● DATASET CONTENT:
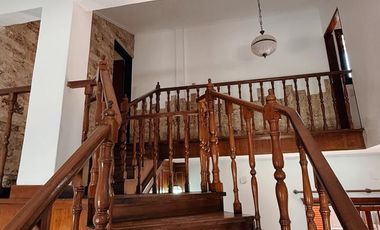 Gran Casa en Castelli 900, Cuenta con; 5 Dorm, 4 Baños, Lavadero, Patio, Quincho.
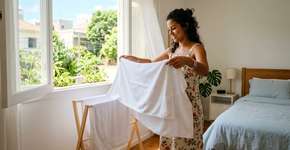 Para a toalha de banho durar anos: o macete não é o sabão, mas nunca deixar secar no box do banheiro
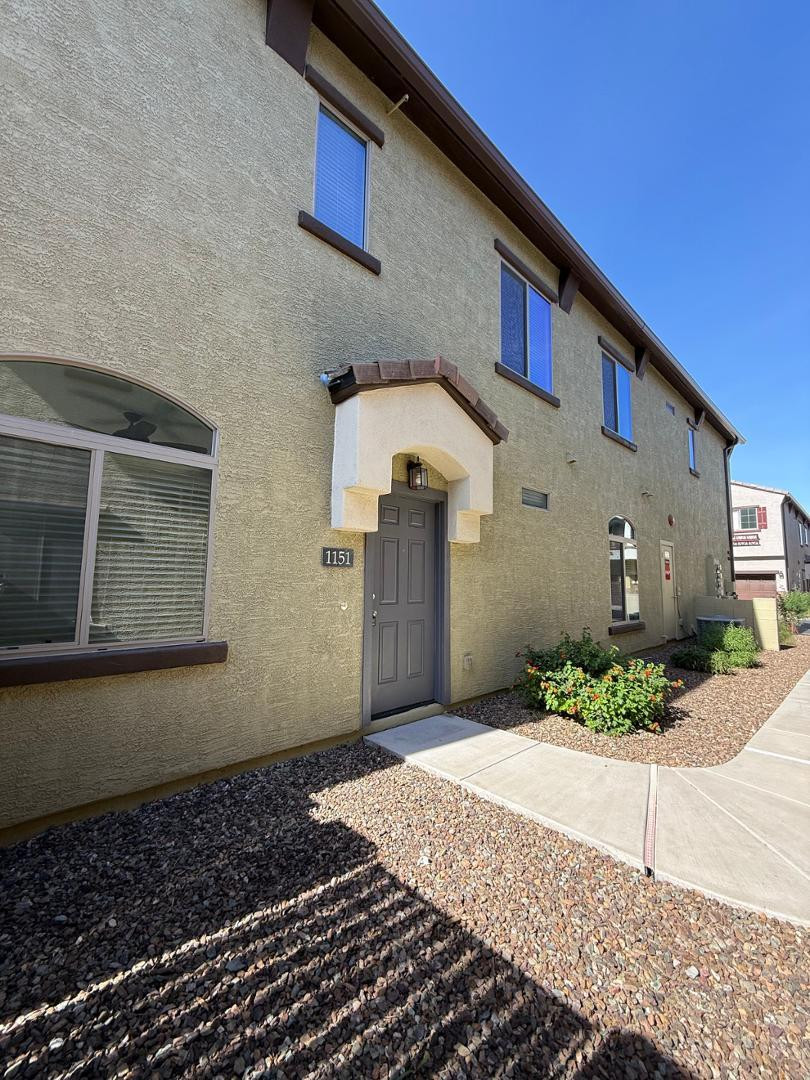 2725 E Mine Creek Road 1151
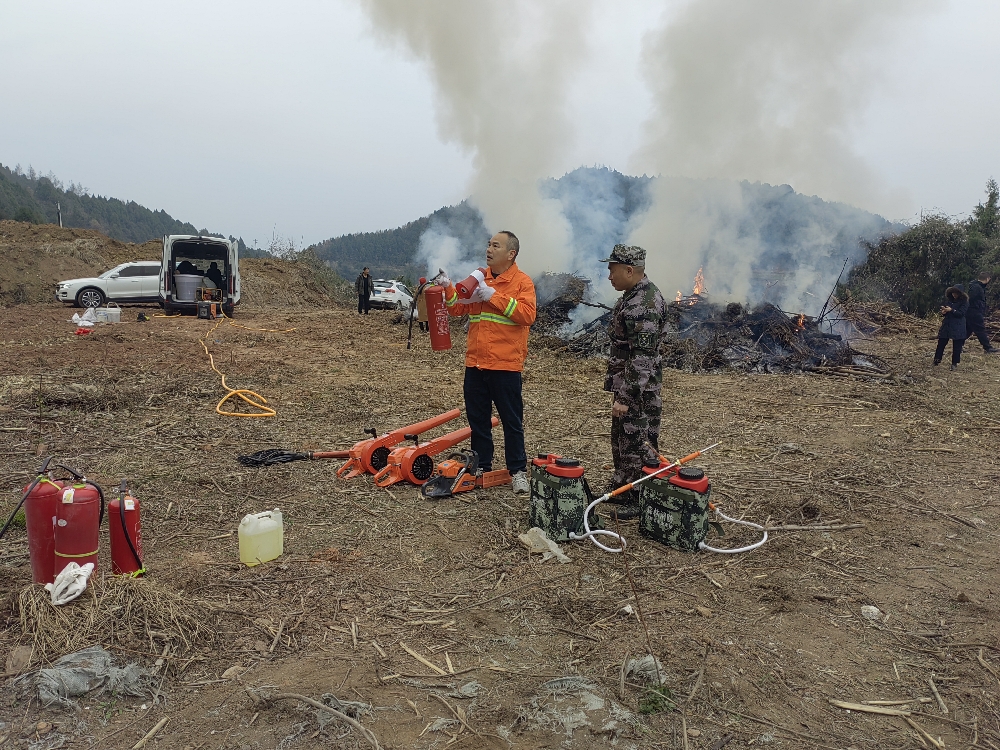 东<font color='red'>青</font>镇开展森林火情早期处置暨森林火灾应急演练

● ASSIGNED TASK:
No pictures go in the copy. Output exactly the lines from the line containing "2725 E Mine Creek Road 1151" through the end of the listing above.

● ANSWER BOX:
 2725 E Mine Creek Road 1151
 东<font color='red'>青</font>镇开展森林火情早期处置暨森林火灾应急演练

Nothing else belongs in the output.